Когда Дорте вышла из вращающейся двери больницы, воздух коснулся ее, как крылья бабочки. Пройдя несколько шагов, она села на скамью, чтобы собраться с силами. В промежности саднило от трубки. Она попыталась сосредоточиться, кажется, здесь она раньше никогда не была. Может быть, в больницу входят через одни двери, а выходят в другие? Без конца подъезжали и отъезжали такси. Люди с цветами и сумками. Если бы она могла доехать на такси до Лариного дома за свои двадцать крон!

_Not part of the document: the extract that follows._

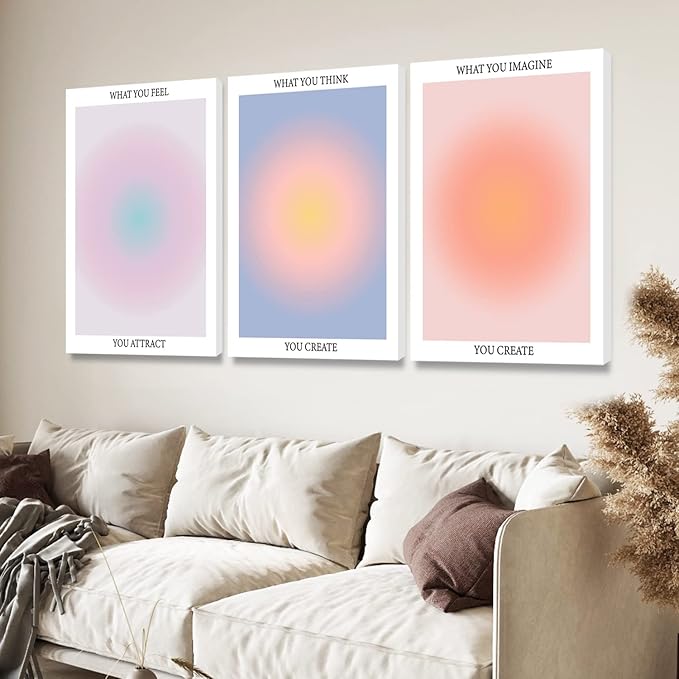 Framed 3 Color Abstract Wall Art Poster Room Aesthetics Spiritual Spiritual Gradual Affirmation Canvas Wall Decoration Positive Energy Inspirational Wall Art Bathroom Living Room Apartment 16x24Inch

Пока она сидела, опустив голову на колени, вдруг, словно вырвавшись из сумы, на нее налетела паника. Ее ищут! Она вцепилась в скамейку и заставила воздух течь в сухое горло. Потом встала и покинула пределы больницы. Перешла дорогу. Нашла наконец улицу, где никого не было. Брела наугад, держась за кусты и изгороди палисадников. Колени дрожали, как желе, ноги не слушались.
Ее заметил парень с тележкой для газет, прицепленной к багажнику велосипеда. Наверное, он решил, что я пьяная или наглоталась наркотиков, подумала она, пытаясь приободриться. Это было непросто. Когда парень, доставив газеты, возвращался обратно, он остановился возле нее, упершись одной ногой в землю.

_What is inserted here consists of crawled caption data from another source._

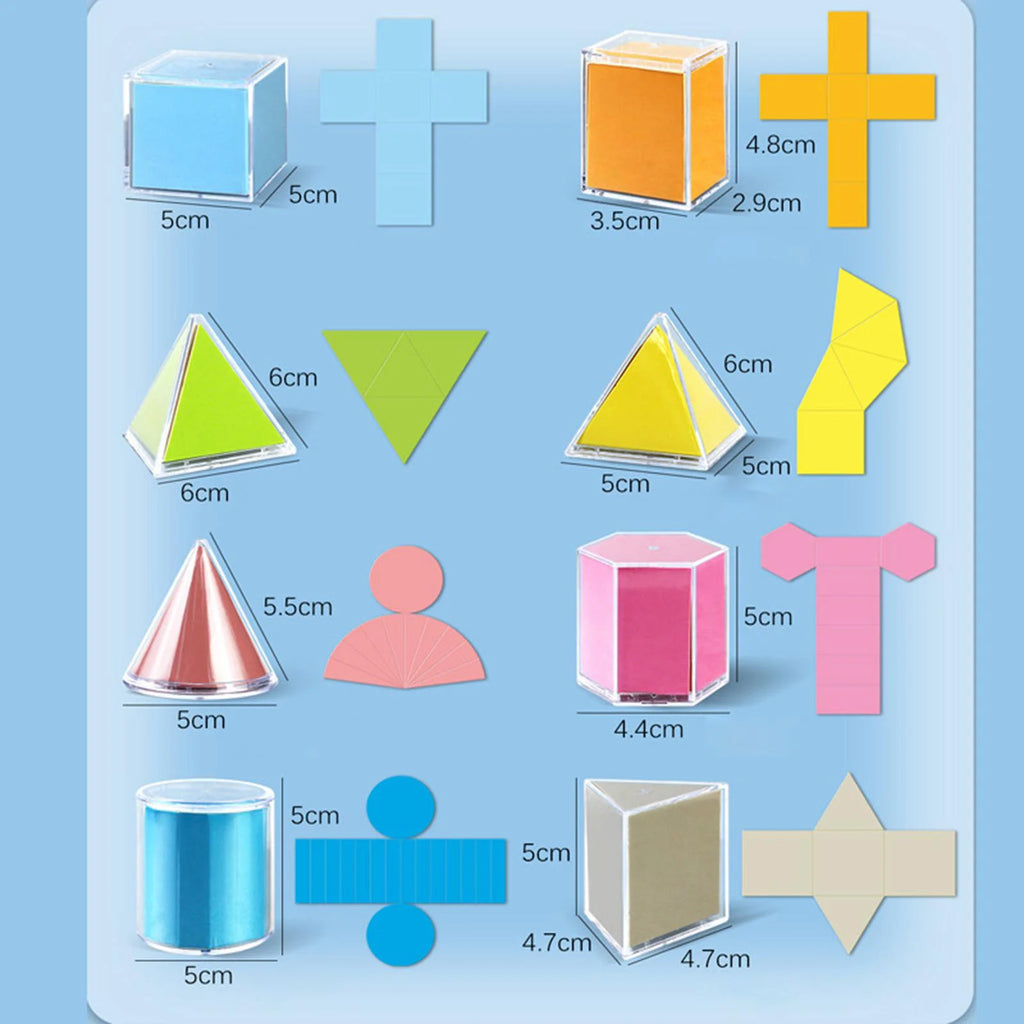 12 Pieces 3D Geometric Shapes Blocks Pattern Blocks Educational Toy Q4222
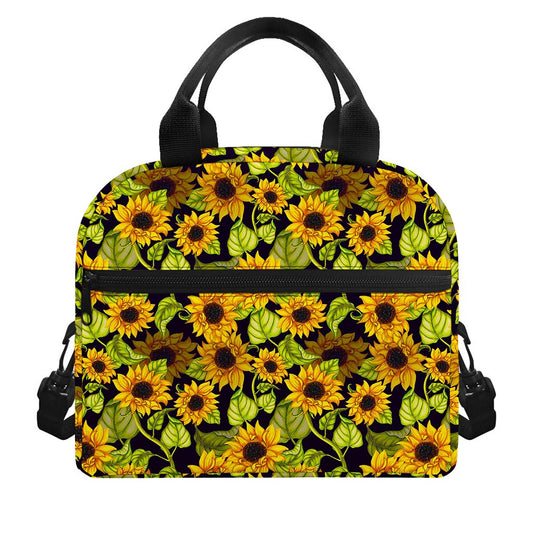 Hand Drawn Sunflower Pattern Print Insulated Lunch Bag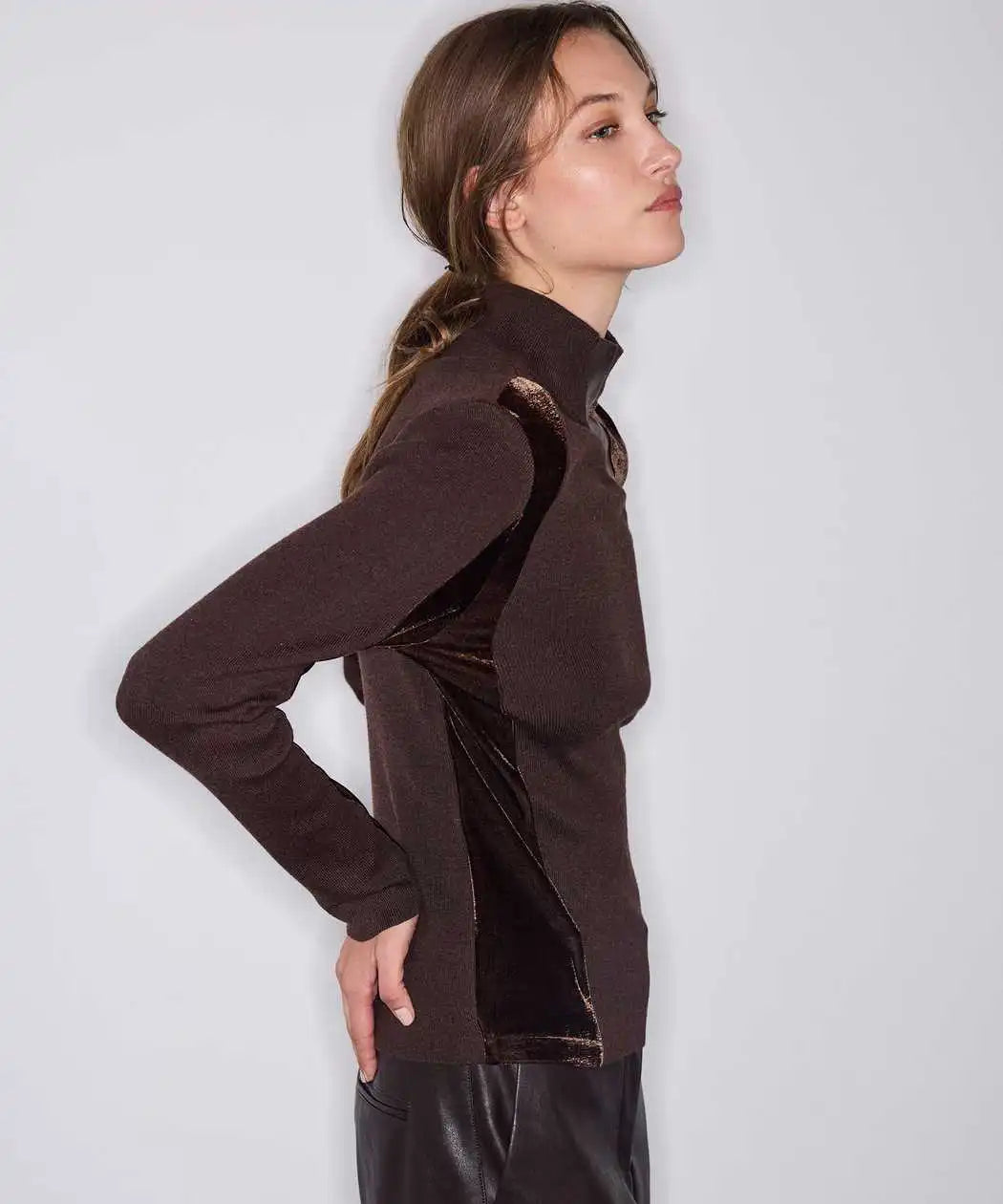 Kahverengi Kumaş Mix Dik Yaka Triko Iw6260050259006 | Ipekyol
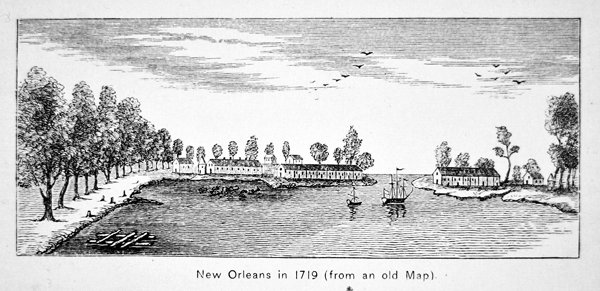 New Orleans i 1719 (litho) av School American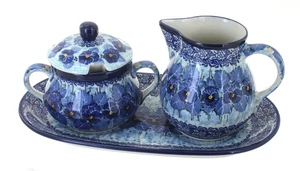 Blue Rose Polish Pottery Joanna Large Cream & Sugar Set with Tray - Picture 1 of 1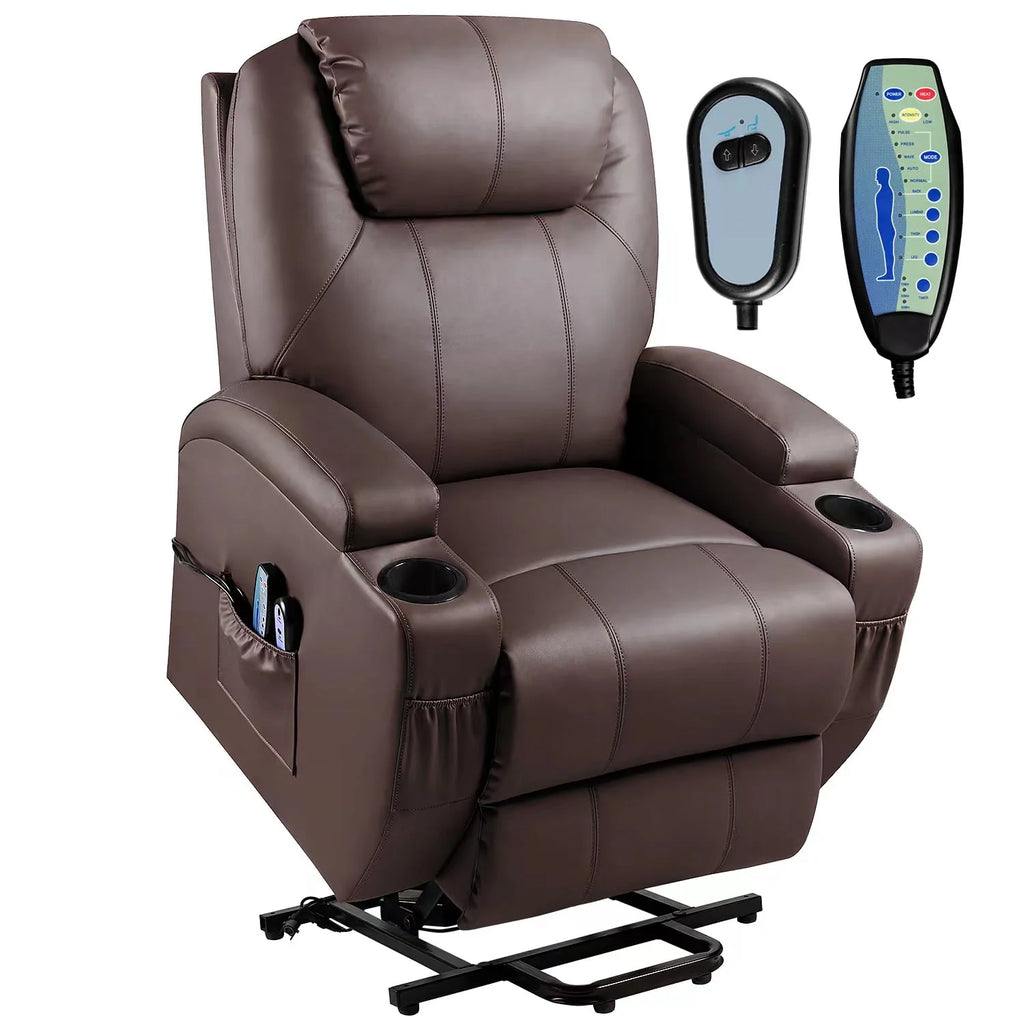 Black Faux Leather Power Lift Recliner P423716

- Ты, кажется, не в форме?
Она сделала вид, что не слышит, шагнула в сторону и пошла дальше, не держась за изгородь.
- Прости, пожалуйста! Мне показалось, что тебе нужна помощь. Пока! - услышала она за спиной.
Теперь она видела только тележку с газетами, его спину и заднее колесо велосипеда. Кепочку–бейсболку и полосатый джемпер. Но вот и они исчезли. Словно нити, скрытые в ветвях деревьев, утянули его сквозь; черно–синее мерцание. Разносчик газет на велосипеде? Может, и она могла бы получить такую работу? Для этого необязательно хорошо знать норвежский. Нужно было спросить, сколько он зарабатывает.

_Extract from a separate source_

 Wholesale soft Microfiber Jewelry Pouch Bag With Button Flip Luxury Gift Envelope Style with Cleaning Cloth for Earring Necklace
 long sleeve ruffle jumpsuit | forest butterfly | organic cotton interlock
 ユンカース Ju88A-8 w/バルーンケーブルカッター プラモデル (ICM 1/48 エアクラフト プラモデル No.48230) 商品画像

Ей казалось, что она идет уже очень долго, но вот впереди показались шпили знакомой большой церкви. Теперь ей было легко ориентироваться, чтобы найти дом Лары. Она поняла, что ходила по кругу. В одном месте она увидела крыльцо и скамейку. Присела отдохнуть. Наклонилась к коленям. Отчасти чтобы спрятать лицо, отчасти чтобы не упасть. Неожиданно она услышала ровный гул машин и голоса людей. Как будто кто–то включил звук в телевизоре. Конечно, он был и раньше, но она его почему–то не слышала. Пошевелив ногой, Дорте вспомнила, что у нее в сумке есть полбутылки воды. Отвинтила крышку. Попробовала. Да, это была вода. Приставила горлышко бутылки к губам и стала с жадностью пить. Но что–то в ней как будто разладилось. Сколько бы она ни пила, утолить жажду не удавалось. В таком случае лучше поберечь воду. Она не больна. Просто ей хочется пить! Она сунула бутылку в сумку и пошла дальше. При первом же удобном случае она наберет в бутылку воды. Из реки?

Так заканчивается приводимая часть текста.